It is my understanding that the Outer Product of a vector with its transpose is symmetric in value.
Does Numpy take this into account to only do the multiplications
Exploring some alternatives:
In [162]: x=np.arange(100)
In [163]: np.outer(x,x)
Out[163]:
array([[ 0, 0, 0, ..., 0, 0, 0],
[ 0, 1, 2, ..., 97, 98, 99],
[ 0, 2, 4, ..., 194, 196, 198],
...,
[ 0, 97, 194, ..., 9409, 9506, 9603],
[ 0, 98, 196, ..., 9506, 9604, 9702],
[ 0, 99, 198, ..., 9603, 9702, 9801]])
In [164]: x1=x[:,None]
In [165]: x1*x1.T
Out[165]:
array([[ 0, 0, 0, ..., 0, 0, 0],
[ 0, 1, 2, ..., 97, 98, 99],
[ 0, 2, 4, ..., 194, 196, 198],
...,
[ 0, 97, 194, ..., 9409, 9506, 9603],
[ 0, 98, 196, ..., 9506, 9604, 9702],
[ 0, 99, 198, ..., 9603, 9702, 9801]])
In [166]: np.dot(x1,x1.T)
Out[166]:
array([[ 0, 0, 0, ..., 0, 0, 0],
[ 0, 1, 2, ..., 97, 98, 99],
[ 0, 2, 4, ..., 194, 196, 198],
...,
[ 0, 97, 194, ..., 9409, 9506, 9603],
[ 0, 98, 196, ..., 9506, 9604, 9702],
[ 0, 99, 198, ..., 9603, 9702, 9801]])
Comparing their times:
In [167]: timeit np.outer(x,x)
40.8 µs ± 63.1 ns per loop (mean ± std. dev. of 7 runs, 10000 loops each)
In [168]: timeit x1*x1.T
36.3 µs ± 22 ns per loop (mean ± std. dev. of 7 runs, 10000 loops each)

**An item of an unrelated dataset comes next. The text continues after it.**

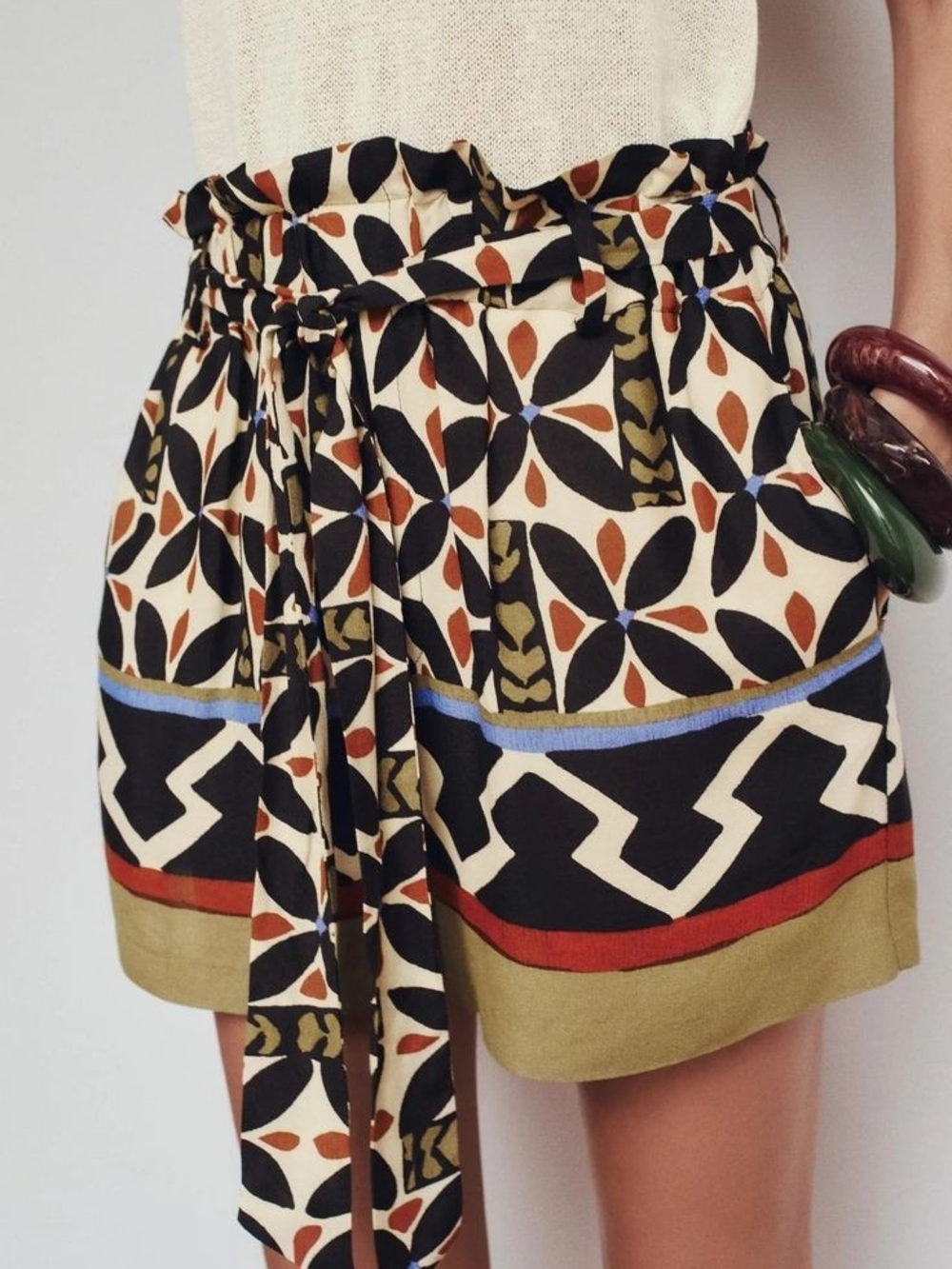 Zara Printed Paperbag Waist Bermuda Shorts in Tropical Print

In [169]: timeit np.dot(x1,x1.T)
60.7 µs ± 6.86 ns per loop (mean ± std. dev. of 7 runs, 10000 loops each)
Is dot
using a transpose short cut? I don't think so, or if it does, it doesn't help in this case. I'm a little surprised that dot
is slower.
In [170]: x2=x1.T
In [171]: timeit np.dot(x1,x2)
61.1 µs ± 30 ns per loop (mean ± std. dev. of 7 runs, 10000 loops each)
Another method
In [172]: timeit np.einsum('i,j',x,x)
28.3 µs ± 19.4 ns per loop (mean ± std. dev. of 7 runs, 10000 loops each)
einsum
with x1
and x2
has the same times.
Interesting that matmul
does as well as einsum
in this case (maybe einsum
is delegating to matmul
?)
In [178]: timeit x1@x2
27.3 µs ± 1.09 µs per loop (mean ± std. dev. of 7 runs, 10000 loops each)
In [179]: timeit x1@x1.T
27.2 µs ± 14.2 ns per loop (mean ± std. dev. of 7 runs, 10000 loops each)

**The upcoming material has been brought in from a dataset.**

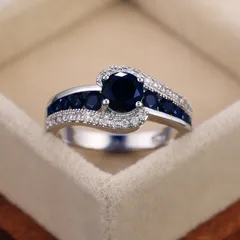 Cao Shi Best Selling Wish Explosions Inlaid Black Zircon Ring Fashion OL Ladies Holiday Gift Jewelry Wholesale 3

Numpy efficient matrix self-multiplication (gram matrix) demonstrates how dot
can be save time by being clever (for a 1000x1000 array).
As discussed in the links, dot
can detect when one argument is the transpose of the other (probably by checking the data buffer pointer and shape and strides), and can use a BLAS function optimized for symmetric calculations. But I don't see evidence of outer
doing that. And its unlikely that broadcasted multiplication would take such a step.